GovConJudicata Weekly Debrief (1/23–27)
This week's Weekly Debrief covers NASA's plans for ISS seat barters, NASA and DARPA partner for nuclear propulsion, defense contractor risks as spending increases, GAO says DoD lacks guidance in contested information environments, spy sentenced to prison, and FBI seizes Hive ransomware group infrastructure.
Space
"As NASA prepares to launch another commercial crew mission with a Russian cosmonaut on board, the agency says it has yet to work out an agreement with Roscosmos on future crew swaps. At a Jan. 25 briefing, agency officials said they are moving ahead with plans to launch the Crew-6 Crew Dragon mission to the International Space Station on Feb. 26 at 2:07 a.m. Eastern. The spacecraft will deliver to the station NASA astronauts Stephen Bowen and Woody Hoburg, Emirati astronaut Sultan Alneyadi and Roscosmos cosmonaut Andrey Fedyaev."

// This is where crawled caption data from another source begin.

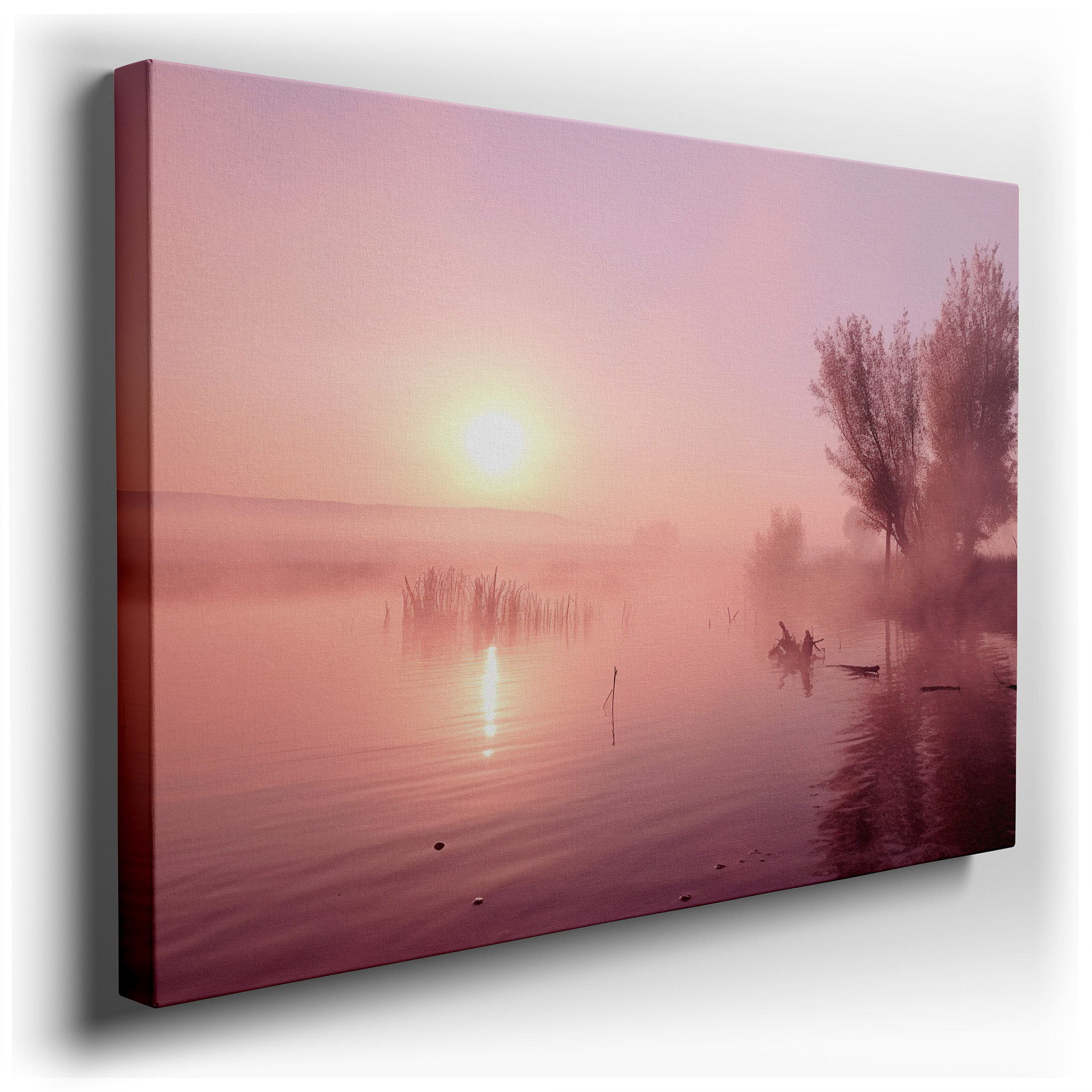 Serene Sunrise Over Misty Lake Wall Art: Ethereal Light and Soft Pink Hues for Tranquility - Large Canvas Wall Art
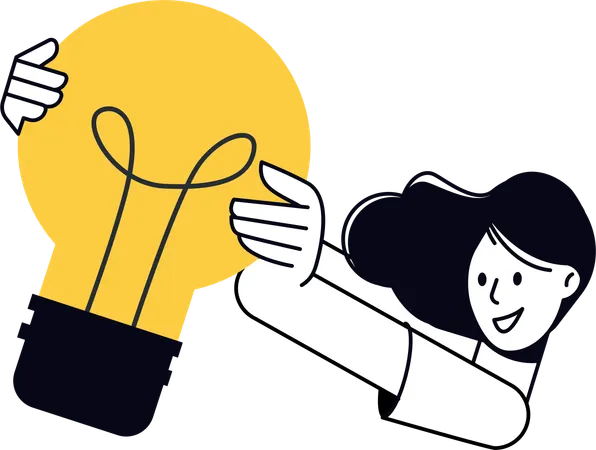 Woman having Creative Idea  Illustration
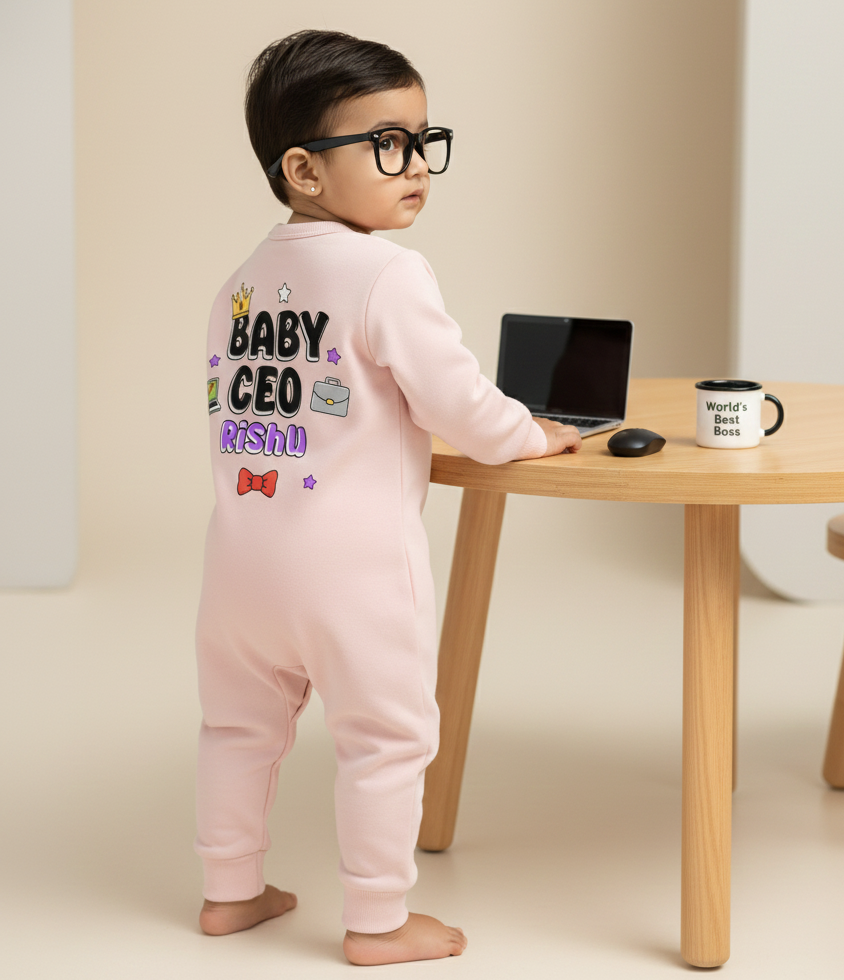 Cute Baby CEO  Baby Photoshoot Outfit With Customized Baby Name for Newborns & Infants | Soft Cotton Pink Romper
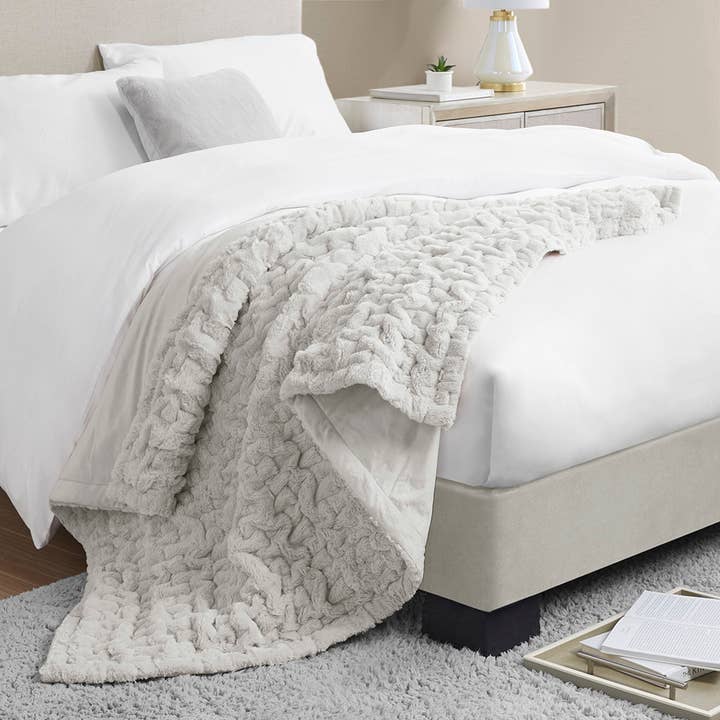 Olliix - Wholesale Throw Blanket - Soft Warm Ruched Faux Fur Throw Blanket 50x60", Silver Grey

"After a 50-year hiatus, the US is planning to test a nuclear fission-powered thermal propulsion system on a spacecraft. NASA said this week that it would team up with DARPA, the Pentagon’s R&D arm, to build, launch, and demonstrate a nuclear thermal engine. This early work is intended to pave the way for a crewed mission to Mars in the late 2030s. The joint project has a $110M budget this year and will likely cost hundreds of millions more through deployment, planned for 2027."
Defense
"Ongoing geopolitical developments such as Russia’s war in Ukraine and tensions between China and Taiwan have continued to fuel higher US military spending. The demand for military weapons is the strongest it has been in years, with historic investments by US allies and partners, and record US national defense funding that jumped by $76 billion to $858 billion for fiscal year 2023. This includes $816.7 billion specifically for the Pentagon."
"The Department of Defense lacks clear guidance on various training efforts to prepare leaders for an increasingly contested information environment, according to a new Government Accountability Office report."
Cyber
"A federal court sentenced a Chinese national living in the United States on Wednesday to eight years in prison on a single count of acting as a secret agent for the People's Republic of China. Ji Chaoqun, a 31-year-old Chicago resident who was enlisted in the U.S. Army Reserves, was recruited by a senior PRC intelligence officer named Xu Yanjun while still a student. Xu himself was prosecuted and sentenced to 20 years in federal prison last November for his role in running a string of U.S.-based agents with connections to the aerospace industry. "
"After seven months spent lurking inside a notorious ransomware group’s networks, swiping decryption keys for its victims, the FBI and international partners seized infrastructure behind Hive ransomware attacks."